YPet through the eyes of mCLIFY.

Fluorescent proteins (FP) have become widely used biophysical and cell biological tools that report on a variety of processes within cells. The popular yellow FP, YPet, serves as either a donor or acceptor for many FRET-based biosensors, yet it has been difficult to fully characterize. In studying our circularly permuted and equally bright variant, mCLIFY, features common to YPet were revealed, including β-barrel and chromophore sequence homology. We determined the atomic structure of mCLIFY to 1.6 Å resolution, which reveals a remarkably well-aligned π-interaction between the chromophore with Tyr37, as well as a water-mediated network of hydrogen bonds which supports the chromophore. Both features are likely promoting the robust photophysical properties of mCLIFY. To better understand the self-association properties of YPet, known to be a weak dimer, sedimentation velocity analytical ultracentrifugation (SV-AUC) determined a monomer-dimer dissociation constant KD of 3.4 μM, whereas mCLIFY did not dimerize.
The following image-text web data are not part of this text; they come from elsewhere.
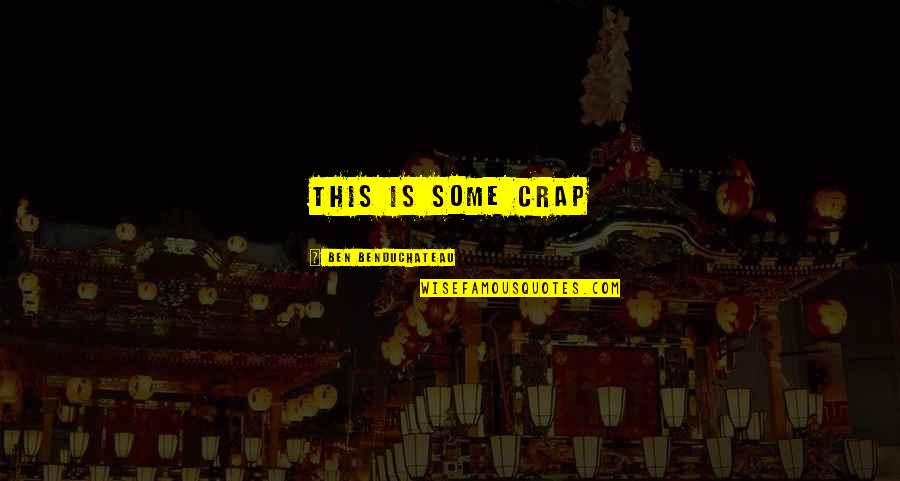 Expanses Show Quotes By Ben Benduchateau: This is some crap Expanses Show Quotes By Ben Benduchateau: This is some crap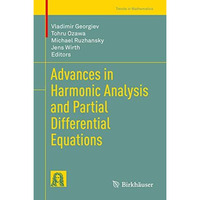 Advances in Harmonic Analysis and Partial Differential Equations [Hardcover]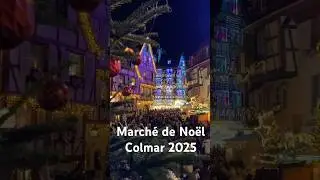 Balade au March&eacute; de No&euml;l de Colmar 2025 & Barques Chantantes &mdash; Magie d&rsquo;un soir d&rsquo;hiver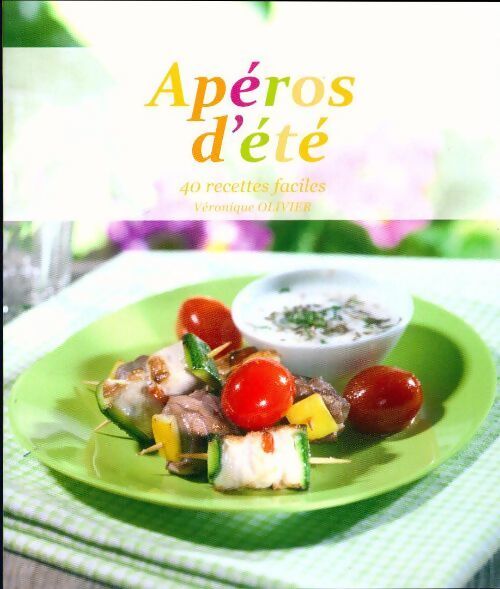 Apéros d'été - Véronique Olivier - Livre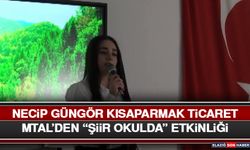 Necip Güngör Kısaparmak Ticaret MTAL’den “Şiir Okulda” Etkinliği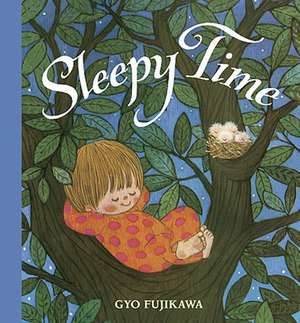 Sleepy Time de Gyo Fujikawa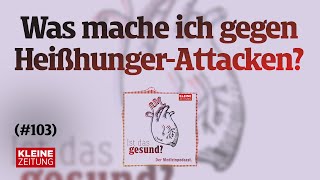 Ist das gesund  Wie kriege ich süße HeißhungerAttacken in den Griff Frau Kirchmaier 103 [upl. by Akeinahs]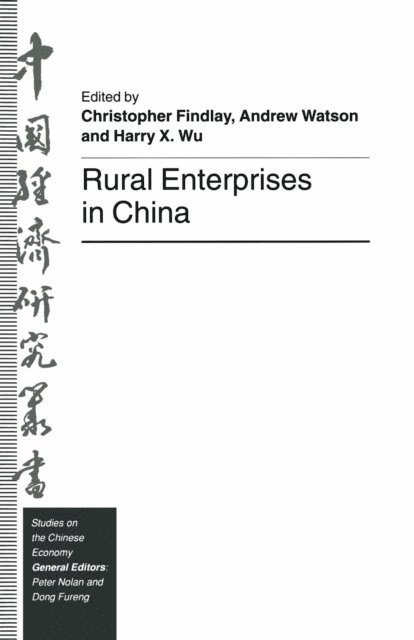 Andrew Watson, Christopher Findlay, Harry X. Wu - Rural Enterprises in China, E-bok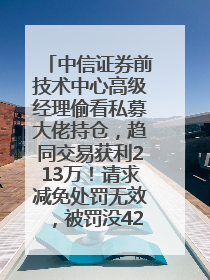 中信证券前技术中心高级经理偷看私募大佬持仓，趋同交易获利213万！请求减免处罚无效，被罚没426万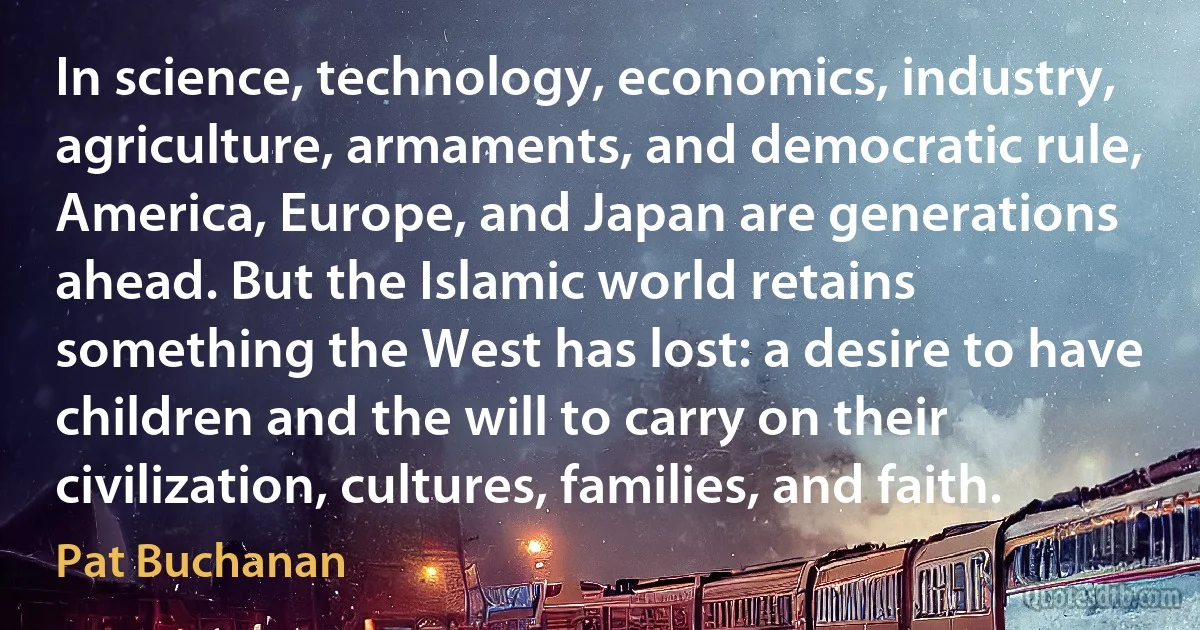 In science, technology, economics, industry, agriculture, armaments, and democratic rule, America, Europe, and Japan are generations ahead. But the Islamic world retains something the West has lost: a desire to have children and the will to carry on their civilization, cultures, families, and faith. (Pat Buchanan)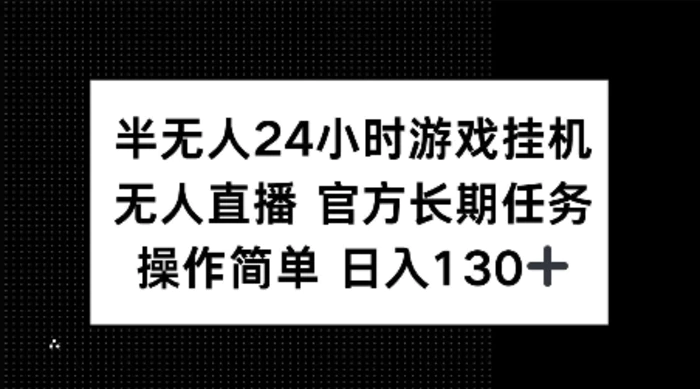 半无人24小时游戏挂JI，官方长期任务，操作简单 日入130+-副业库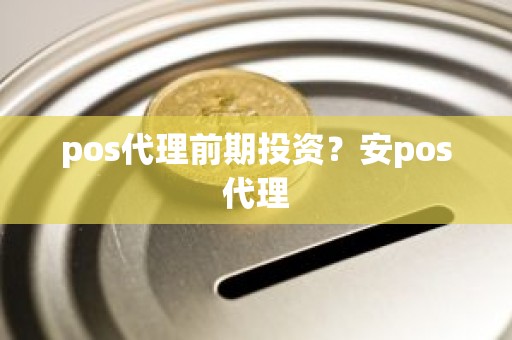 pos代理前期投资？安pos代理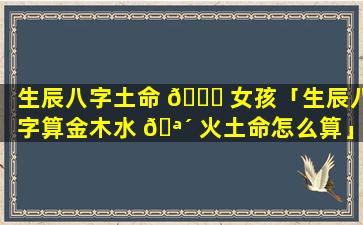 生辰八字土命 🐋 女孩「生辰八字算金木水 🪴 火土命怎么算」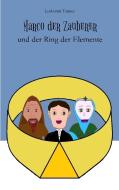 Marco der Zauberer und der Ring der Elemente di Lyubomir Tanner edito da Books on Demand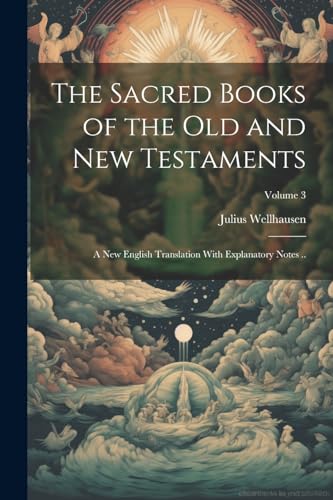 Wellhausen - Sacred Books of the Old and New Testaments; a new English
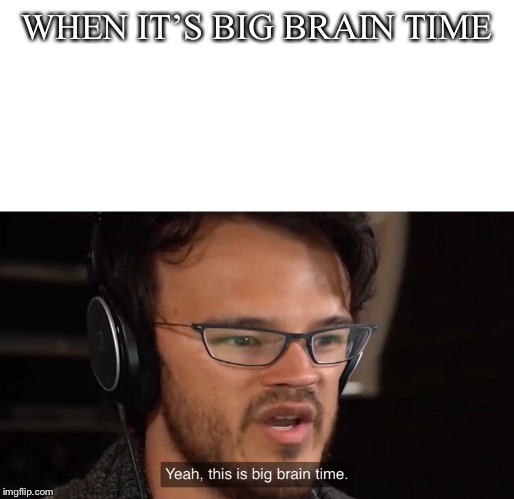 Yeah, this is big brain time | WHEN IT’S BIG BRAIN TIME | image tagged in yeah this is big brain time | made w/ Imgflip meme maker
Size-exclusion chromatography in-line with synchrotron small-angle X-ray scattering and multi-angle light scattering (SEC-SAXS-MALS) confirmed these findings. SAXS studies show that mCLIFY correlates well to the solution monomer, whereas YPET exists as an antiparallel dimer in solution. Their fluorescence intensities and anisotropies were compared via FLIM (Fluorescence Lifetime Imaging Microscopy) of FPs expressed in E. coli. Protein concentrations increased above 5 μM for both FPs within 45 minutes of IPTG induction. Unexpectedly, average anisotropy of YPet significantly decreased from 0.322 to 0.183 with increasing protein concentration presumably due to HOMO-FRET and/or trivial reabsorption of emitted photons. Anisotropy for mCLIFY (0.316) decreased at much higher concentrations. The data presented here suggest that potential quantitative errors from overexpression of non-monomeric FPs may be avoided with newly available, more fully studied monomeric variants like mCLIFY.